There were problems—many problems. Few parties can escape the personal weaknesses such as greed, arrogance and hubris from some of its leaders who became drunk with the power of success. But the TPLF is more than its leadership. It, too, like Ethiopia, is an idea.

The Grand Ethiopian Renaissance Dan (GERD) was a living symbol of the idea of Ethiopia’s greatness.

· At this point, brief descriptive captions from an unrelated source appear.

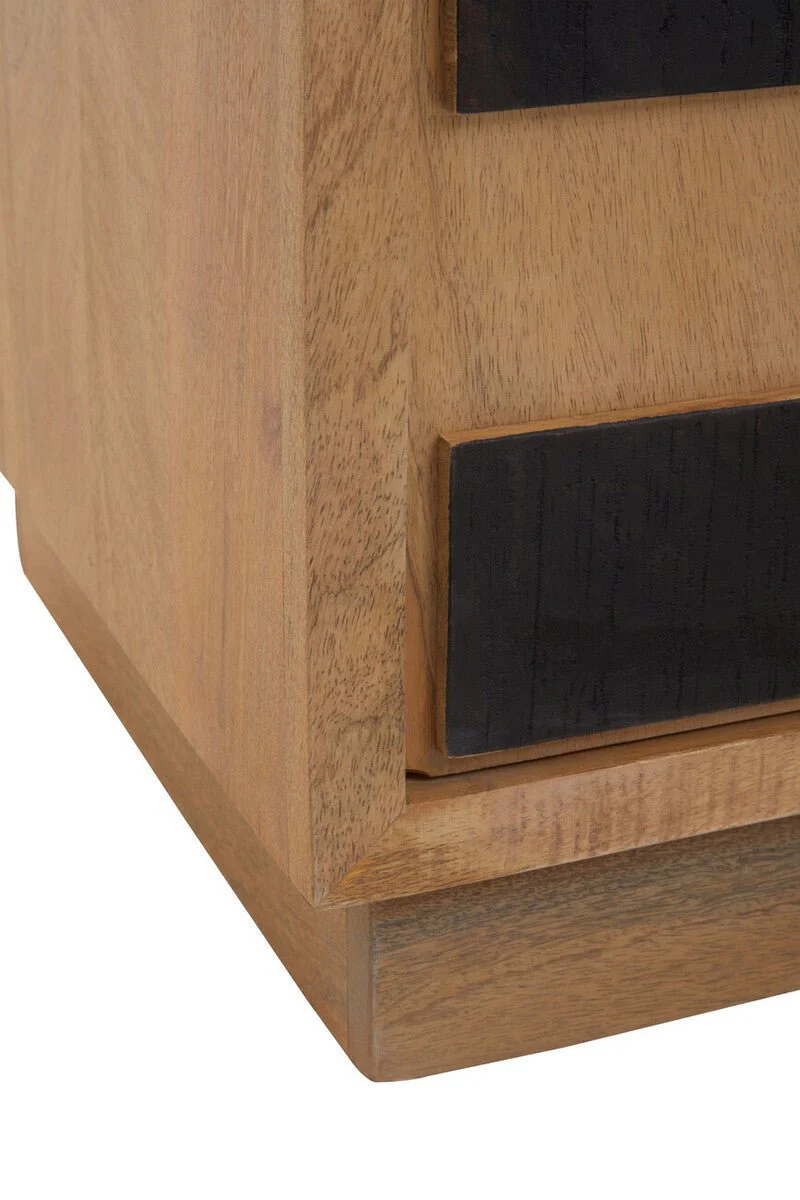 Salem 4 Door Mango Wood Sideboard - Image 17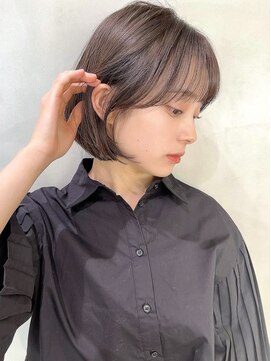 ロンド 銀座(Lond) ☆【春日】オリーブグレー/ボブ/ココアベージュ/黒髪/小顔61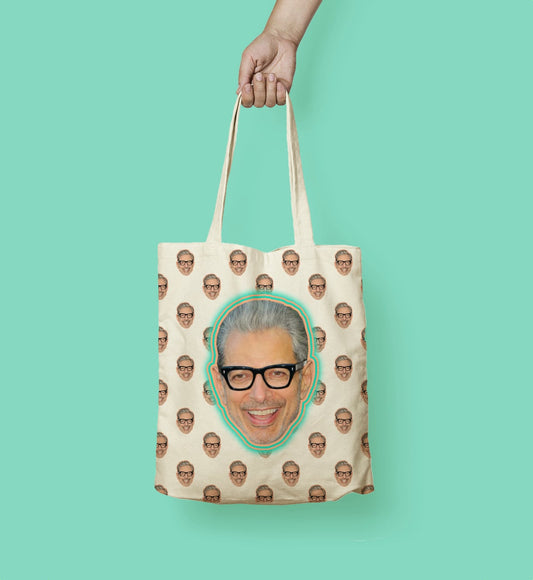 Jeff Goldblum Tote Bag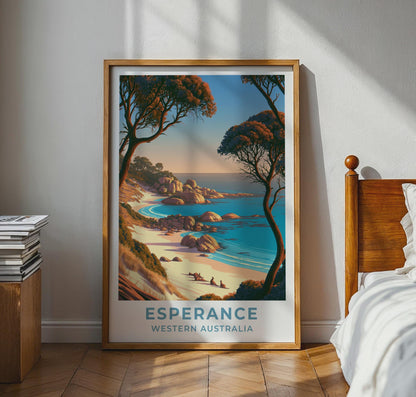 Esperance Poster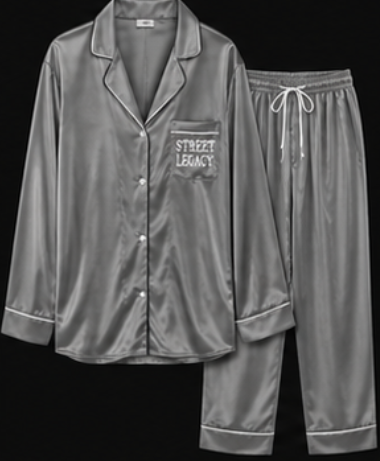 Satin Pajama Set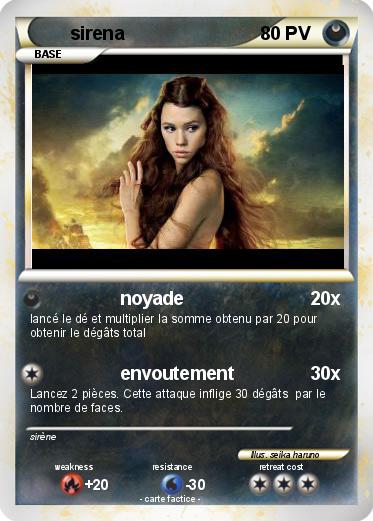 Pokemon sirena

A son of Adwa built a physical manifestation of this idea. The dam—what Ethiopians say “my dam”—took root in the political imagination of man who sprung from the very ground now soaked in the blood of the Tigrayan people. There is little logic in the appropriation of the dam—and the idea of Ethiopia’s greatness—by the very people who support the genocidal campaign against the Tigrayan people.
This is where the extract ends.